The Committee for Greater L.A. set out 10 principles for “reinventing” Los Angeles. The first is to “address anti-Black racism in all its forms” and notes that “statistic after statistic on homelessness, education, family wealth, health and well-being and the criminal justice system show ample evidence of the systemic racism impacting Black Angelenos.”
Other principles include: building an economy that centers around those who have been left behind and excluded in future strategies; enhancing the physical and mental health systems that can support communities and individuals living with the trauma of systemic neglect and oppression; creating housing for all and ending unsheltered homelessness; ensuring access, mobility, and voice for immigrants regardless of status; supporting education access for all children and all communities; celebrating and supporting youth leadership and empowerment; strengthening the nonprofit sector as a key part of civil society; developing both community power and accompanying metrics to hold systems accountable; and promoting leadership and alignment for equity across business, community, philanthropy and multiple levels of government.

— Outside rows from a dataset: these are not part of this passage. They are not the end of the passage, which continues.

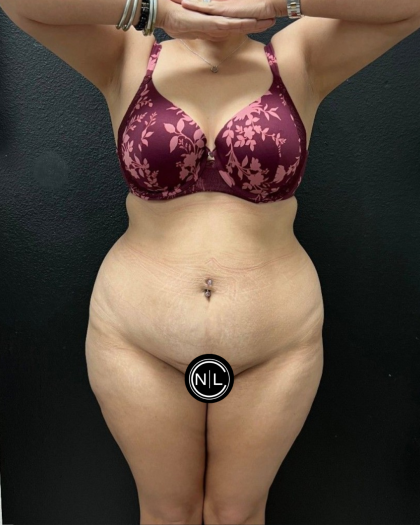 Abdominoplasty Before & After Patient #16934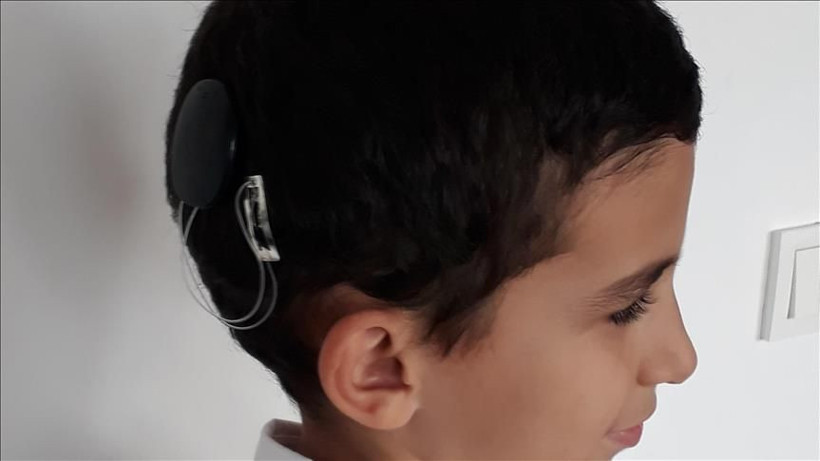 Mahkemeden SGK’ya karşı emsal karar... İşitme cihazı ücretinin tamamı ödenecek - Resim: 1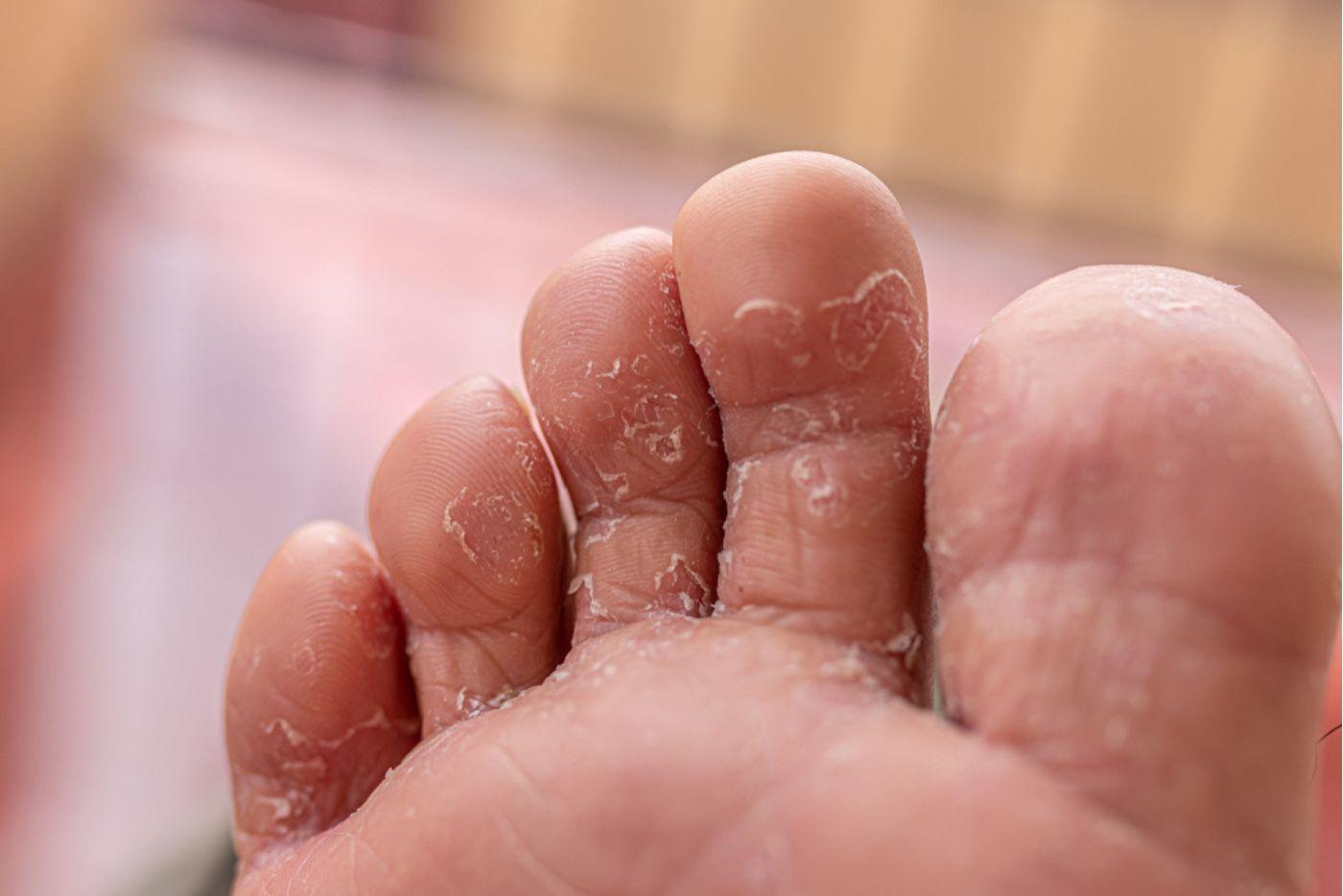 Celah Jari Kaki Mengelupas? Ini Namanya Kulat Air! Rawatnya Dengan 6 Cara Ini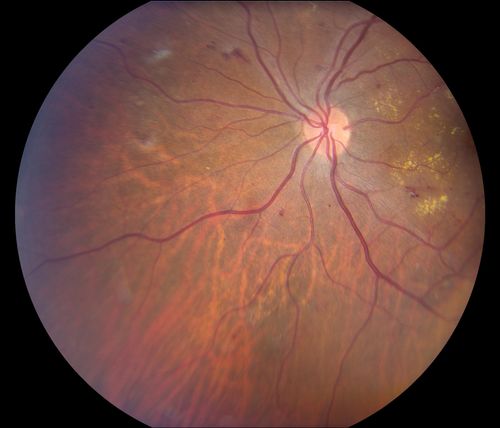 Nonproliferative Diabetic Retinopathy
65-year old female with diabetes. Has had cataract surgery in the left eye with VA 20/25. She has had laser in the past. Fundus examination shows microaneurysms with retinal hemorrahages and exudates in the left eye. 
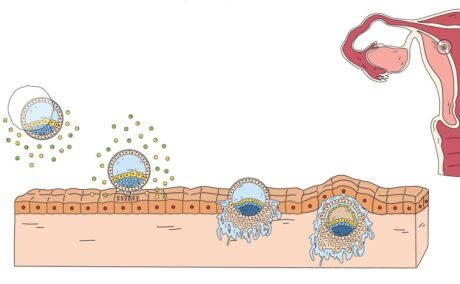 De ce nu e indicat contactul sexual după embriotransfer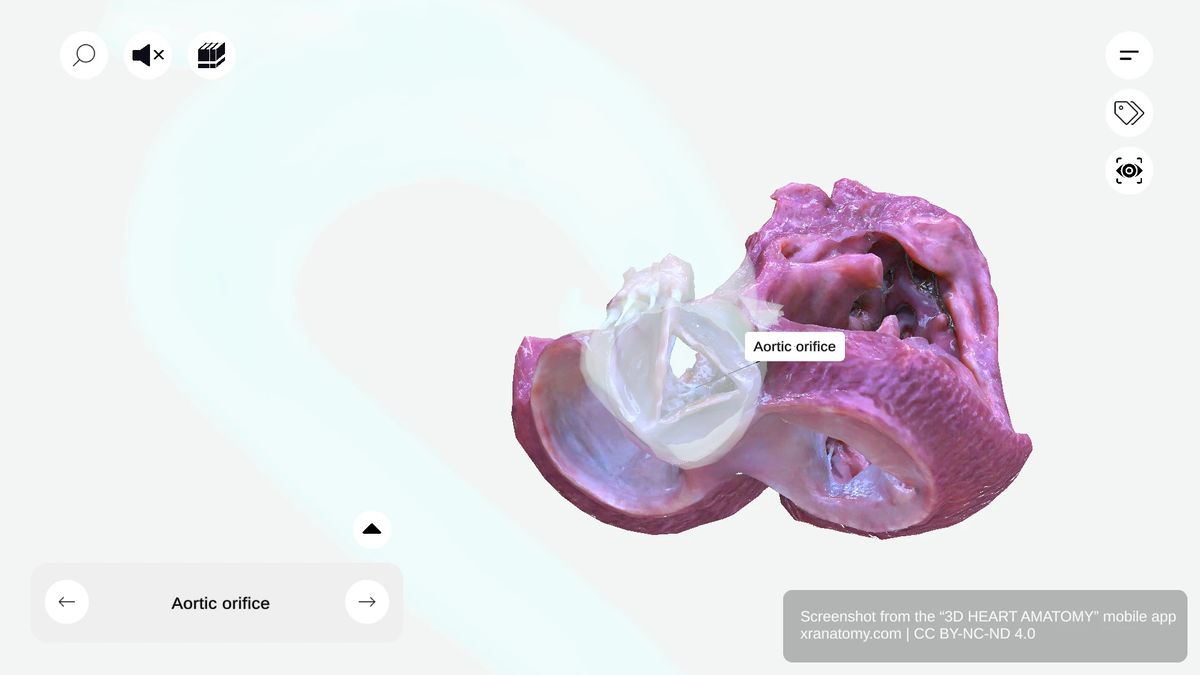 Aortic orifice showing the opening through which blood exits left ventricle, guarded by three aortic valve leaflets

In addition to data, the report includes many stories and quotes from people impacted by racism who participated in focus groups. Researchers said this personal testimony helped inform their recommendations and create a sense of urgency.
The next steps include generating awareness around the findings and building consensus around the need for change. Meetings with officials and grassroots organizations will focus on setting priorities for what to tackle first, how much it will cost and who has the power to enact change.
The group is asking residents, policy makers and candidates for elected office to sign up at nogoingback.la to make “a commitment to build a more equitable and inclusive Los Angeles.”
“The COVID-19 disease has revealed our underlying illness: too many are at risk because of structural racism, income inequality, and our broken immigration system,” said Manuel Pastor, the director of the USC Equity Research Institute.
“The current crisis has reminded us of a basic public health principle — to protect ourselves, we need to protect everyone — and that should be our policy guide going forward. The good news: Los Angeles, at long last, is ready to attack these issues head-on and grassroots community organizations are ready to lead, shape and sustain the change we need.”
The committee is funded by the Annenberg Foundation, the Ballmer Group, the Eli and Edythe Broad Foundation, the California Community Foundation, the California Endowment, the California Wellness Foundation, the Conrad N. Hilton Foundation, the John Randolph Haynes Foundation, the Smidt Foundation and the Weingart Foundation.